Apparently the National Association of Secondary School Principals obtained a copy of my film and took it as being an attack on US high schools - which of course it is not.
You can read their critique here
I posted a reply to their blog, but it must be approved first by the principals before it appears on their site. In the interim, here is my response:
As the creator and Executive Producer of Two Million Minutes, I thought I might offer a few comments to this post.
First, I'm sorry that you felt the film was biased. Both the Director and Producer of the documentary hold Master's degrees in Journalism from Berkeley and we took every reasonable step to make the film as objective as possible.
Ironically, the largest buyers of the DVD on our web site are, in fact, high school teachers and principals - they seem to be using the film to help their students become more globally aware in a Flat World.
To address your specific criticisms: We did not "stack the deck". The three schools were chosen for these reasons: 1) they represent the upper echelon of high school education in each country and 2) the families of the students have relatively similar socio-economic backgrounds.
The specific students were selected as follows: 1) we asked the administrators of each school for students academically in the top 5% and 2) we also asked for students who were held in high regard by their peers.
In America, Neil is class president, was on the varsity football team, on the school newspaper and got a full scholarship to study Computer Graphics at Purdue his junior year of high school. Brittany graduated #28 in her class of nearly 1,000, was involved in numerous school activities and was seen as a leader. She is currently 4.0 pre-med at Indiana University.
In China, the boy chosen was ranked #1 in math in his school - something that his peers in China regard highly. However, as the movie shows, despite his obvious math skill he was rejected by the Math Program at Beijing University - because so many other Chinese students were even more gifted in math. He did not get into the college of his choice.
The same is true of the Chinese girl - she is smart, a talented violinist and ballet dancer, but she was rejected by Yale - her first choice.
The Indian students experienced the same outcome - they are clearly smart, have studied incredibly hard for years, but they are rejected by the top Indian colleges - because thousands of Indians scored higher on the entrance exams.
So, while the intensity of the Indian and Chinese students may, to American eyes, make them appear to be tops in their country, in fact, they are far from the top.
I have spent a lot of time in Indian and Chinese schools, as well as American schools. I would contend that the work ethic you see is entirely accurate for all three countries for the upper half of typical high school students.
Your observation about engineering. In hindsight, I regret I did not devote more time to the other subjects that Indian and Chinese students study in high school.

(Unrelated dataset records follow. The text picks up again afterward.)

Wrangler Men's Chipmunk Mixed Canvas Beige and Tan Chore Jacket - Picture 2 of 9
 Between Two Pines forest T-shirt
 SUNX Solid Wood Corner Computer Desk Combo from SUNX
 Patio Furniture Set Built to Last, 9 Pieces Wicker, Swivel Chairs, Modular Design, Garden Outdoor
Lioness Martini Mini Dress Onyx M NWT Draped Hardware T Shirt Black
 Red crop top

In fact, they study subjects typical of American schools - for example Apoorva, the Indian girl in the film, had the following curriculum in 9th and 10th grade: English language, English literature, Hindi language and literature [2nd language], World History and Civics, World Geography, Algebra, Geometry, Physics, Chemistry, Biology and Computer Programming (elective).
In 11th and 12th, she chose a more technical track, not dissimilar from Brittany's interest in preparing for pre-med: English Language and Literature, Physics, Chemistry, Mathematics through Calculus, Biology, Computer Science and Environmental Education (a newly required course). During middle school, art and music are standard subjects as are more social sciences.
I employee over 100 Indians and Chinese - engineers, business majors, teachers, artists and general administrative people. From my personal experience, I have found both cultures to produce very well rounded individuals - smart, creative, socially adept, with wonderful senses of humor. They are also excellent in math and science, but they are decidedly not simply "left-brained" nerds. For their ages, they do know more about math and science than their American peers, but that knowledge has not been gained at the sacrifice of literature, history, geography, politics, art or music.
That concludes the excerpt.